9in long and weighing 1lb, the world’s first smartphone
ONLY 20 years old, it is already a museum piece. For this clunky mobile can claim to be the world’s first smartphone.
At nine inches long and weighing a hefty 1lb, it dwarfs today’s handsets. And it has a battery life of just one hour.
But the IBM Simon, which went on sale on August 16, 1994, was the first attempt to combine a phone and a personal organiser. As well as making calls, it could send and receive faxes. A primitive stylus-operated green LCD touchscreen allowed users to write notes, draw, log appointments and update contacts.
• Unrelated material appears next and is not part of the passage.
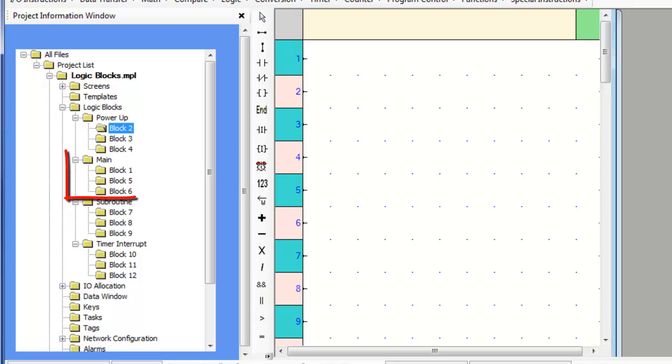The main logic section executes continuously. Again, multiple blocks are executed in the order created.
Costing $899 (about £585 in those days), it was called Simon because it was simple and could do almost anything you wanted. It even had a slot for cartridges, the forerunner of apps. But it was not a success. Even after the price was cut to $599, only 50,000 were sold and it was soon discon- tinued. The device will form part of a permanent exhibition on the history of communication and information technology which opens at the Science Museum in London in October.
It was bought on eBay by the museum for an undisclosed sum. Exhibition content developer Charlotte Connelly said: ‘We are calling it the first smartphone, even though that phrase first came along much later. It didn’t make a massive splash.
‘First it was very expensive, second the battery only lasted an hour, and third there was no mobile internet. Would I like to carry it around? No. But really it was a brilliant idea. It was too far ahead of its time.’
Information Age: Six Networks That Changed Our World is at the Science Museum from October 25.